Go through the records and copy each line where the word "image" occurs.

(Input data begins)

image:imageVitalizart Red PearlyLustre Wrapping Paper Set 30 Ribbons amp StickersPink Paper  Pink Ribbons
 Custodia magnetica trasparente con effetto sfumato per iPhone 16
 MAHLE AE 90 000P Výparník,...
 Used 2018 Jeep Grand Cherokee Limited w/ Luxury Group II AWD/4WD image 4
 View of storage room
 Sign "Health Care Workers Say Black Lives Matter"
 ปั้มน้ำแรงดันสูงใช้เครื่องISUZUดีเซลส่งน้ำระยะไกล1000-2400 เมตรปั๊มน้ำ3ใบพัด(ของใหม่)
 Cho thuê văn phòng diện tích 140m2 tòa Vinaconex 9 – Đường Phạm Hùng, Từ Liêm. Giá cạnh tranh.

(Input data ends)

Solved exercise:
image:imageVitalizart Red PearlyLustre Wrapping Paper Set 30 Ribbons amp StickersPink Paper  Pink Ribbons
 Used 2018 Jeep Grand Cherokee Limited w/ Luxury Group II AWD/4WD image 4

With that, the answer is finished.